Tuesday, June 20, 2017

Brown water, black water state AGs blend their 'expertise'

The Attorney General of West Virginia, where coal companies have been known to pollute the drinking water, has linked up with our own Brad Schimel, the corporately-obeisant Attorney General of Wisconsin, where contaminating, industrial-scale animal feeding operations have been turning the drinking water brown.
Kewaunee County, WI feedlot runoff
A marriage made in heaven?

Here's the goal of the partnership, reports the Capital Times, and let me be the first to say, "I won't drink to that."

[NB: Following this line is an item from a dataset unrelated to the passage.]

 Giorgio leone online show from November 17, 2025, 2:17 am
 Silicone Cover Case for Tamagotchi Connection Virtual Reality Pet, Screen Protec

Wisconsin Attorney General Brad Schimel is partnering with West Virginia Attorney General Patrick Morrissey in an effort to push back against federal environmental regulations they say infringe on states' authority.
Schimel and Morrissey led a group of 20 states that sent a letter this week to U.S. Environmental Protection Agency administrator Scott Pruitt seeking changes and clarifications to the EPA's "waters of the U.S." rule, implemented under then-President Barack Obama's administration and currently under review...
 One bit of information about where Schimel's heart lies:
Attorney General Brad Schimel is trying to send a closely watched case involving the expansion of a large dairy farm to appeals judges in conservative Waukesha County — and keep the case away from judges in liberal Dane County.
More, here:
WI ignores lessons of self-inflicted MI water crises.
...file under 'with governing comes responsibility.'
5 Michigan Officials Charged With Involuntary Manslaughter in Connection With Flint Water Crisis
I'm not saying there is perfect equivalency between what happened in Flint and what is going in Wisconsin's Kewaunee County, for example, where the state has not moved aggressively against known, long-standing drinking water contamination - - 
Complete DNR fail: Massive fecal pollution in Kewaunee County wells
 - - and where lax pollution inspections and enforcement has been organized against by citizens and advocates, and documented:
State audit finds DNR ignoring own rules on water pollution

- - but the Michigan tragedy with multiple victims which will linger for years is certainly a lesson in personal responsibility, smart policy-making - - unlike Wisconsin's laws blatantly-tilted towards factory farming - - and the consequences, logical or unintended, of public policy failure.
And quietly shipping Kewaunee residents bottled water as the 2018 election looms, and after years of inaction while government kept expanding the big feedlot operations while reducing inspections and pollution enforcement, speaks volumes.